The diamonds indicate the preperihelion observations on the first plot. Each of the solid lines indicates a possible value of n for the comet's magnitude formula. The lines extend to perihelion. At perihelion, the difference between n=2.5 and n=6 amounts to an eight magnitude range (or a factor of 1500 in brightness). The early data, prior to conjunction with the Sun, suggested a very rapid brightening of n~6. If this trend was to be maintained into perihelion, the comet would indeed become a brilliant object - as bright or brighter than Venus. Don't get your hopes up just yet.
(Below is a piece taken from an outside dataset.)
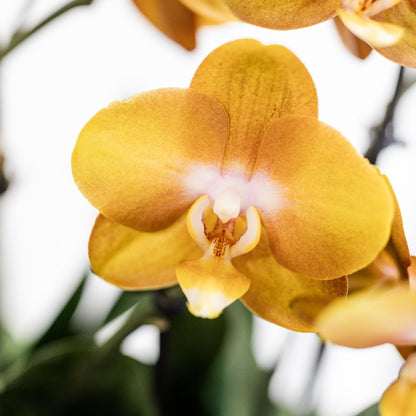 Orange Orchid Set in Reed Basket + Self-Sustaining Water Reservoir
As is obvious from this figure, the 1996-97 observations show that the rate of brightening slowed down rather dramatically. In fact the slow down was so dramatic at one point that it was felt that that the comet might only be an average naked eye object. However, the comet rebounded and increased in brightness at a rate between n=3 and n=4.
With the comet past perihelion (April 1), it is obvious that the comet has put on a fine show. It is currently running a bit ahead of the prediction I gave several weeks ago. That prediction gave a peak brightness of about -0.6. The peak brightness was actually around -0.7 or -0.8. [I should note that a number of observers have indicated that the peak brightness of the comet was -1.0 or even -1.5. Having observed the comet on nearly every day in March and April from good to superb observing sites, I do not believe that the comet reached -1.0.]
A prediction for the postperihelion light curve... The following plot assumes that the comet reaches a peak magnitude of -0.6 just prior to perihelion. The two postperihelion curves shown below indicate how the comet should fade given n=3 and n=4. It should be noted that comets often fade slowly after perihelion so a value of n~3 is a likely bet after perihelion. The comet should still be 2nd magnitude when it leaves the Northern Skies in May.